The input Block Start
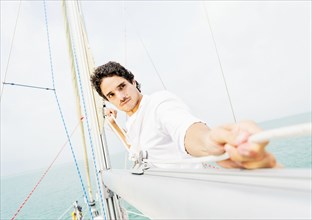 Hispanic man adjusting rigging on sailboat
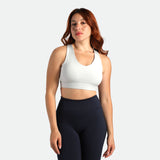 a fit woman wearing bra grey  and legging  black 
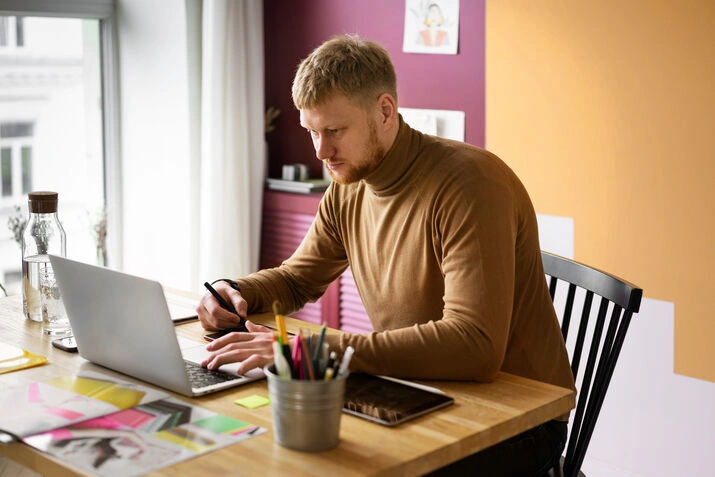 Focused man working on laptop with notes and office supplies at creative desk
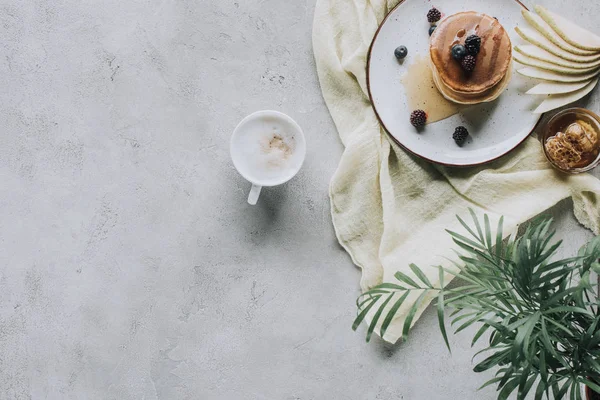 Vista superior de panquecas saborosas doces com bagas e cappuccino em cinza — Fotografia de Stock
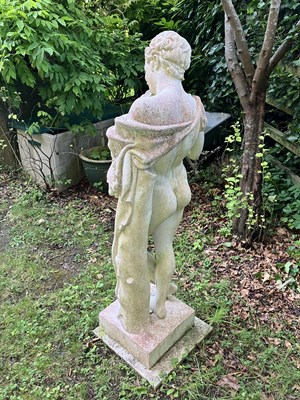 Lot 40 - A reconstituted stone figure of a youth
The input Block End
Output each record above exactly; omit the images.

 Hispanic man adjusting rigging on sailboat
 a fit woman wearing bra grey  and legging  black 
 Focused man working on laptop with notes and office supplies at creative desk
 Vista superior de panquecas saborosas doces com bagas e cappuccino em cinza — Fotografia de Stock
 Lot 40 - A reconstituted stone figure of a youth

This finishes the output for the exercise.